The paucity of repetitive DNA in the honey bee genome remains a puzzle. The Honey Bee Genome Sequencing Consortium postulated the genome was low in retrotransposons due to haplodiploidy. Haploid drone genomes exposed to selection every generation would not tolerate disruption by retrotransposons (Nature. 2006, 443, 931–949). However, more recent Hymenoptera genome projects have reported larger numbers of retrotransposons in other organisms with similar haplodiploid lifestyles. Our analysis and the previous analysis (Nature. 2006, 443, 931–949) suggest that transposable elements were active and present in higher numbers in the past.
Apis mellifera has a few other unusual genome characteristics, including a high recombination rate and low and heterogeneous GC content with genes biased to lower than average GC content regions of the genome. Understanding evolutionary processes that have contributed to these characteristics may provide insight into the low repetitive DNA content.
Is the annotation of the honey bee genome an isolated case, or are there likely to be other poorly annotated genomes that could benefit from the same treatment? How wary should end users be of genome data?
Users of any data should be wary of the data quality, genome sequences and annotations are no exception. Trust but verify. Often people view the data in a genome browser and take the view as fact rather than drilling into the particulars of the underlying data to see where there are regions that are more reliable or less reliable (having gaps and low quality sequence). We have ongoing efforts to improve the contiguity of existing genome sequences with PacBio sequence and the PBJelly tool (PLoS One. 2012, 7 (11) e47768) and we have a number of low coverage Sanger genomes that have been improved and are being prepared for publication.
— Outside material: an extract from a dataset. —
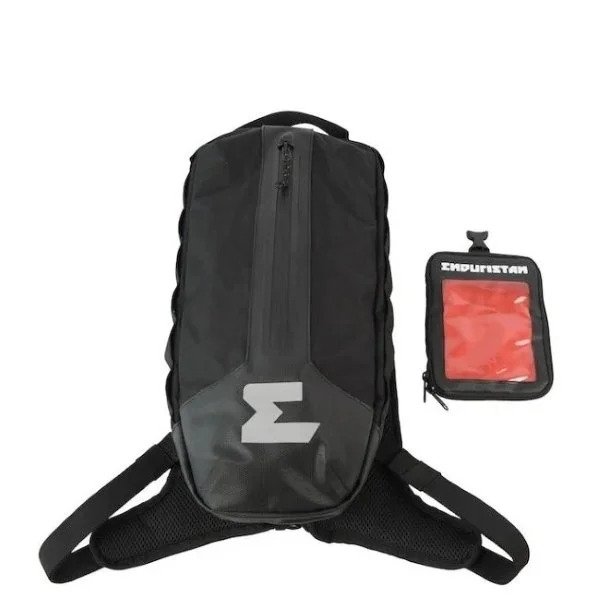 Mochila impermeable Enduristan Hurricane 7 compatible con los sidecares de la marca Ural Motorcycles
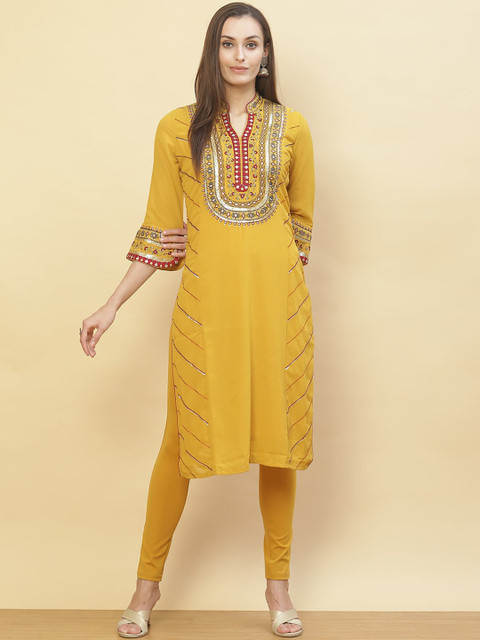 Lakshita Women Yellow & Red Ethnic Motifs Yoke Design Flared Sleeves Gotta Patti Kurta
Lakshita Women Yellow & Red Ethnic Motifs Yoke Design Flared Sleeves Gotta Patti Kurta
What are the lessons to be learned for future genome annotation projects?
Efforts to improve genomes and genome annotations are useful exercises that depend upon better underlying data (RNA sequence and comparisons with other high quality genome sequences) as well as improved automated annotation methods. An ongoing challenge is that with new types of data there is always a need to evaluate and revise computational approaches. For example, genome-guided reconstruction of transcripts from RNAseq has been improving over the last couple years, and future genome annotation projects need to leverage the most recent advances.